Problem details. The whole listing needs retyping exactly; keep the pictures out of it.

Data block.

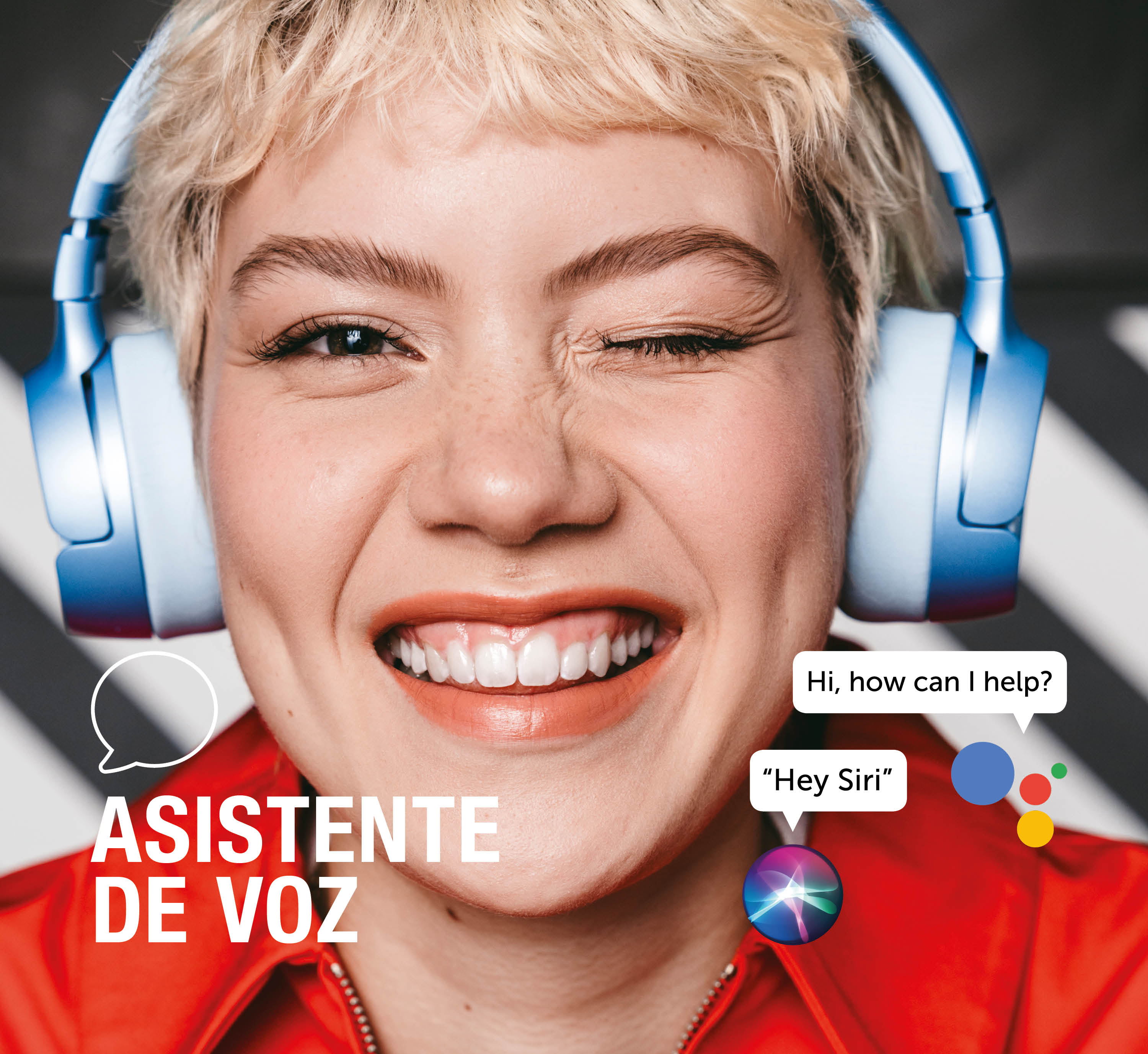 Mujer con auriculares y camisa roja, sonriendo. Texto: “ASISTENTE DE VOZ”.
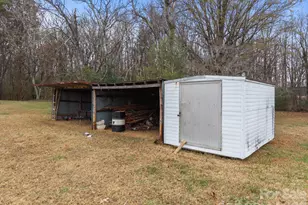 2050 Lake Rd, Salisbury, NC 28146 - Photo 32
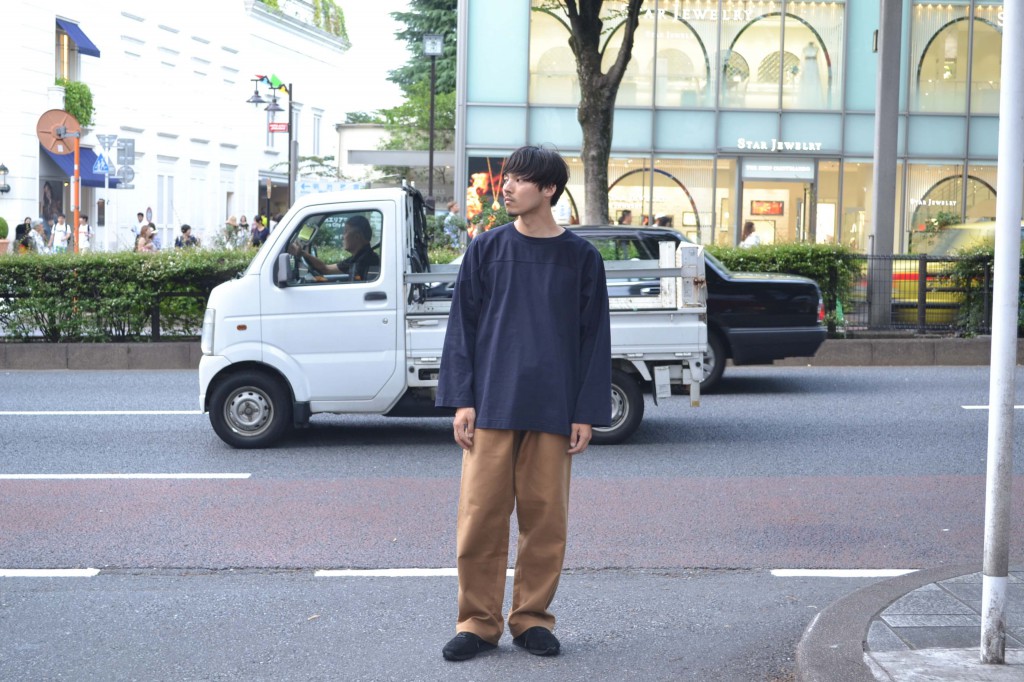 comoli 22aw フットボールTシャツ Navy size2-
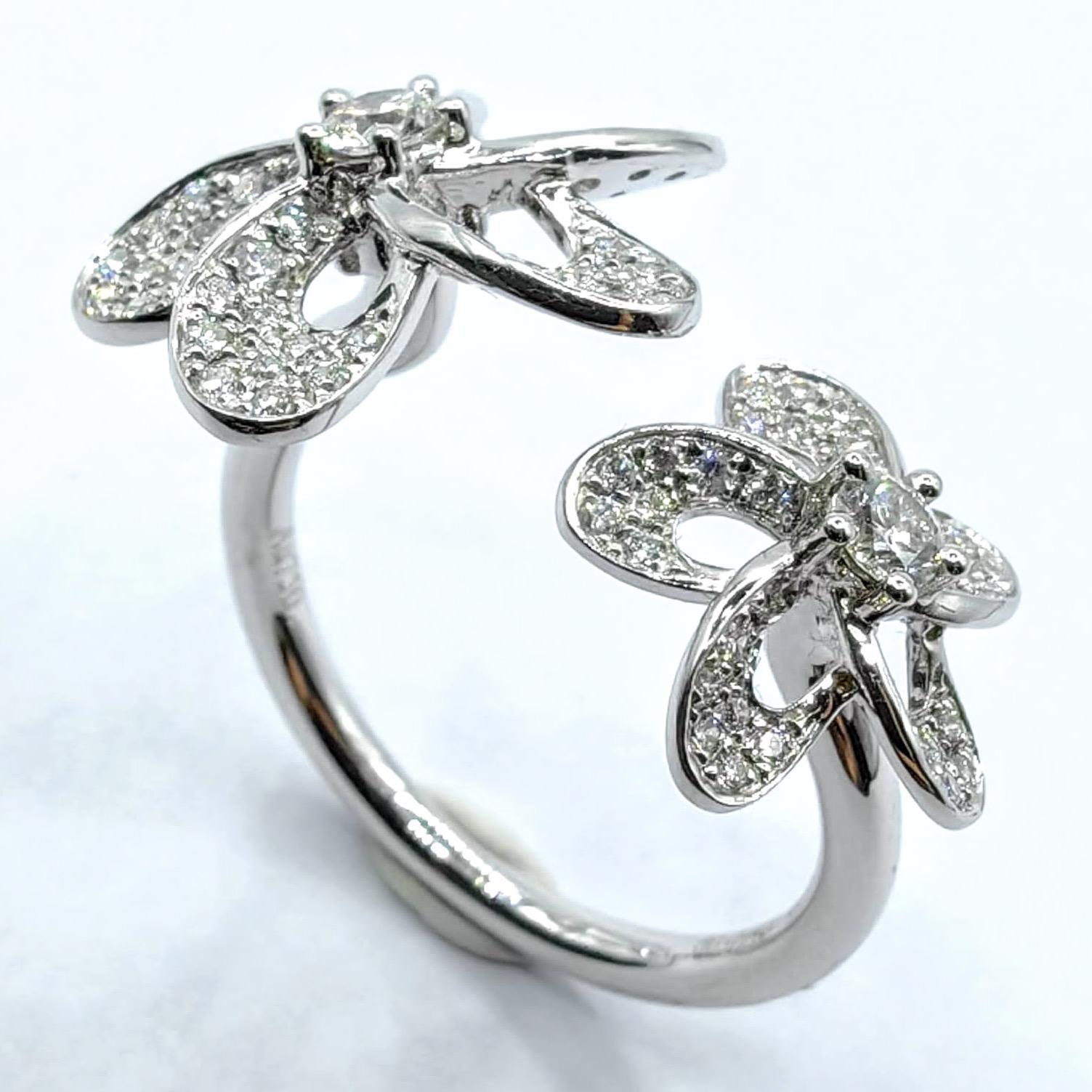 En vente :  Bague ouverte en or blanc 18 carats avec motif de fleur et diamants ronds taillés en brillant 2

Expected answer.
 Mujer con auriculares y camisa roja, sonriendo. Texto: “ASISTENTE DE VOZ”.
 2050 Lake Rd, Salisbury, NC 28146 - Photo 32
 comoli 22aw フットボールTシャツ Navy size2-
 En vente :  Bague ouverte en or blanc 18 carats avec motif de fleur et diamants ronds taillés en brillant 2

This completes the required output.